*Aim of the exercise*
From the line that contains "Luxe Stripe Tee - Olive" through the end of the records below, write out each line exactly as it appears, but not the pictures.

(Web page caption snippets)
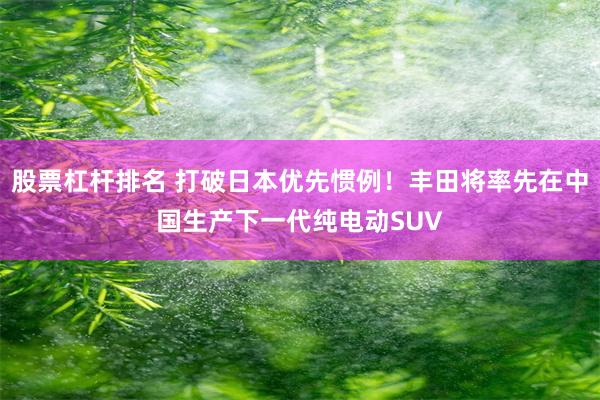 股票杠杆排名 打破日本优先惯例！丰田将率先在中国生产下一代纯电动SUV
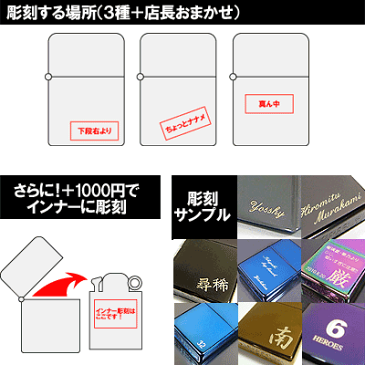 zippo ジッポ/ジッポー ライター 名入れ 喜ばれる！世界で1つのオリジナル（完成イメージ画像を確認できる・ジッポ文字彫刻ギフトセット）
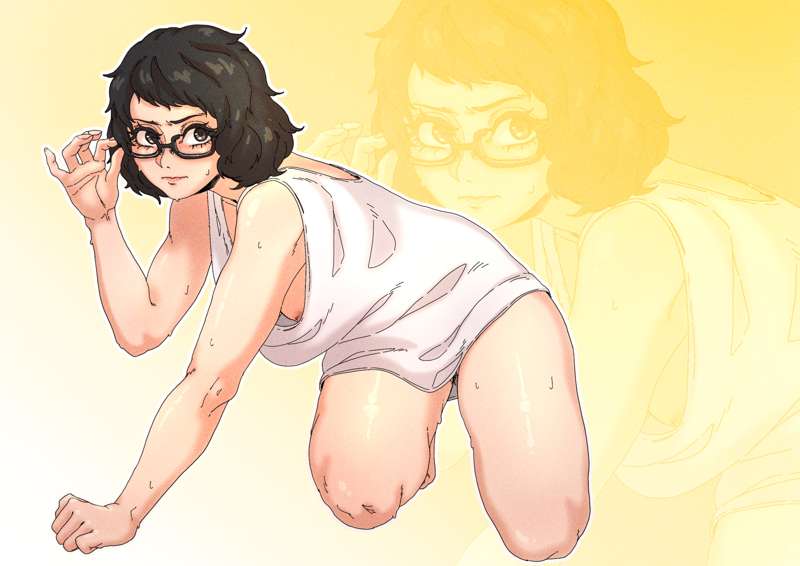 breasts, brown eyes, brown hair, brown nipples, bush, chuckuddin, clothed, down on knees, downblouse, female, glasses, kawakami sadayo, naked, naked female, nervous, nervous sweat, nipples, nipples out, nipples visible through clothing, older female, on all fours, on knees, persona, persona 5, pubes, pubic hair, realistic breast size, realistic proportions, sadayo kawakami, simple background, simple shading, teacher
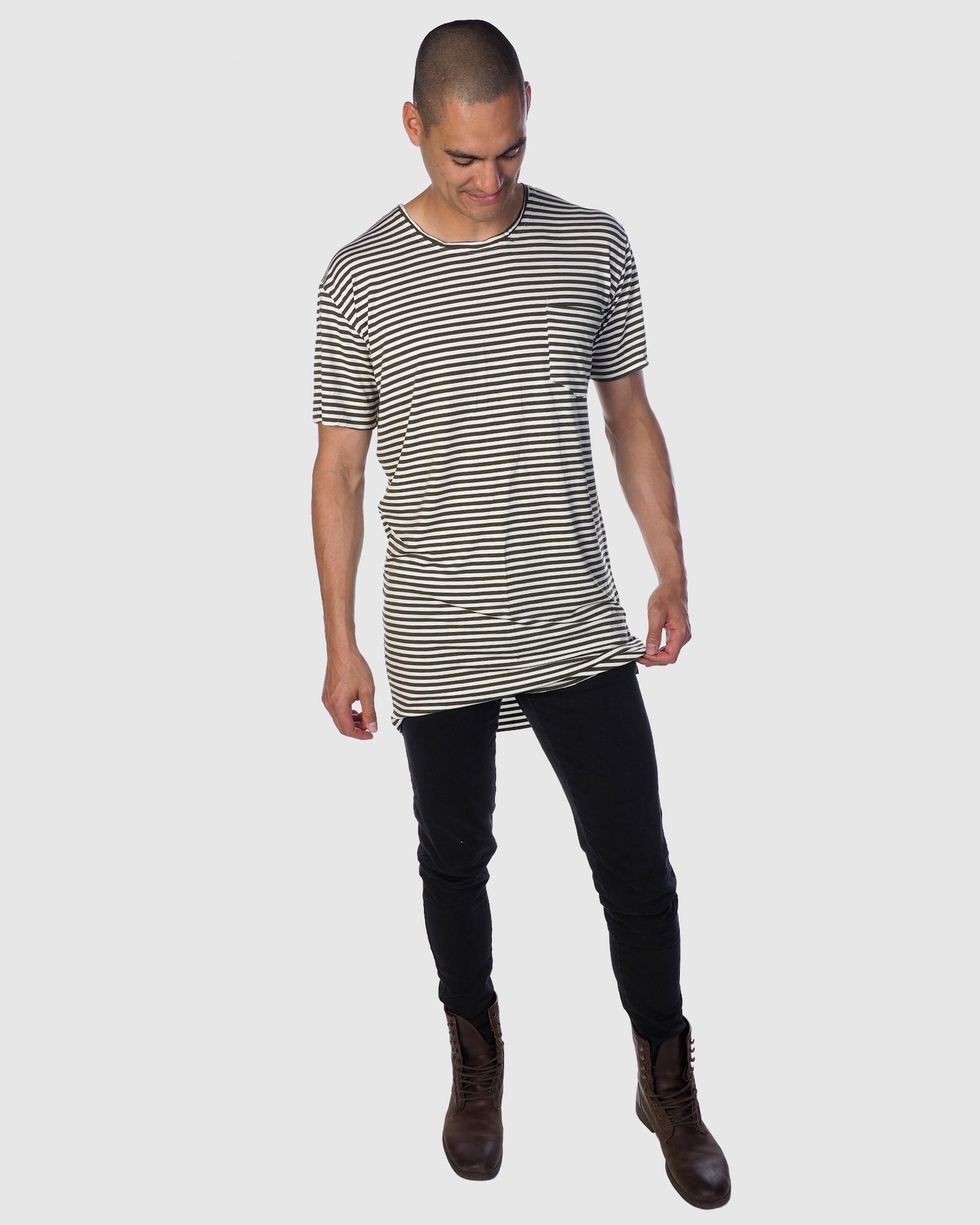 Luxe Stripe Tee - Olive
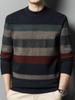 All Match Knitted Color Block Sweater, Men's Casual Warm High Stretch Crew Neck Pullover Sweater For Men Fall Winter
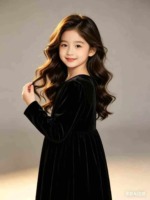 1900 Pieces Winter Girls Black High-end Velvet Fleece Lined Kids Birthday Piano Host Party Dress Stock Lot - Image 3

*Solution to this exercise*
 Luxe Stripe Tee - Olive
 All Match Knitted Color Block Sweater, Men's Casual Warm High Stretch Crew Neck Pullover Sweater For Men Fall Winter
 1900 Pieces Winter Girls Black High-end Velvet Fleece Lined Kids Birthday Piano Host Party Dress Stock Lot - Image 3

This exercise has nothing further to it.